═════ TASK INPUT ═════

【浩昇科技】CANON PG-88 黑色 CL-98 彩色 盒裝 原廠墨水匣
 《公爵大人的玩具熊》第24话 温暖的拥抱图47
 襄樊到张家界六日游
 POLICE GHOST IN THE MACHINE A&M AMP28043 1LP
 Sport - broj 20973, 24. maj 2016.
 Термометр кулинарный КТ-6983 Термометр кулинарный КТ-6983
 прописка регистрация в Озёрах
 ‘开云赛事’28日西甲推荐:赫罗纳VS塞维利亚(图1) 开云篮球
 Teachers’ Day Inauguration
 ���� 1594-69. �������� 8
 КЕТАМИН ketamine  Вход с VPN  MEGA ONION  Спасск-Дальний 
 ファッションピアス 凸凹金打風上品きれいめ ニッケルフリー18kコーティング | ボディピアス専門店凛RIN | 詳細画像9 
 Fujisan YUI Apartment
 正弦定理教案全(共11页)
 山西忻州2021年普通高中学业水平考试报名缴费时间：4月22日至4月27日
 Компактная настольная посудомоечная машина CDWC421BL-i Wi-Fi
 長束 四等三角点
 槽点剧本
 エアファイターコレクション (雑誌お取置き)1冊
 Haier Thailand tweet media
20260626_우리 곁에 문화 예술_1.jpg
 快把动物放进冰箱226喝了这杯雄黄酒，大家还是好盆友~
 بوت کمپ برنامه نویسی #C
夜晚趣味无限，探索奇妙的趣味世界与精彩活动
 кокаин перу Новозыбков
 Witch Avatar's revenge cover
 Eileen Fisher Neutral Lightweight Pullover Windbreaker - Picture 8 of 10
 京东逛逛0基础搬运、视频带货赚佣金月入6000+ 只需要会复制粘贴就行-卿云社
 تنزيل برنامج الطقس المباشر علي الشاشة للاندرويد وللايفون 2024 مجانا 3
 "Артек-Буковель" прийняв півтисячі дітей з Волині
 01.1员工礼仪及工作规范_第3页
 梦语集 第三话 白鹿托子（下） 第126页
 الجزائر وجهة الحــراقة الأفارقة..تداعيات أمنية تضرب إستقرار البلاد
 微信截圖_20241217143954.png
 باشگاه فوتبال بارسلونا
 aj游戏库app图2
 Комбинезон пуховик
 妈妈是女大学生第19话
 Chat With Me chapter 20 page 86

═════

§ **THE PROBLEM**
Repeat exactly the lines from the one containing "الجزائر وجهة الحــراقة" through the last line of the records above, both included, and nothing else.

§ **COMPLETED TASK**
 الجزائر وجهة الحــراقة الأفارقة..تداعيات أمنية تضرب إستقرار البلاد
 微信截圖_20241217143954.png
 باشگاه فوتبال بارسلونا
 aj游戏库app图2
 Комбинезон пуховик
 妈妈是女大学生第19话
 Chat With Me chapter 20 page 86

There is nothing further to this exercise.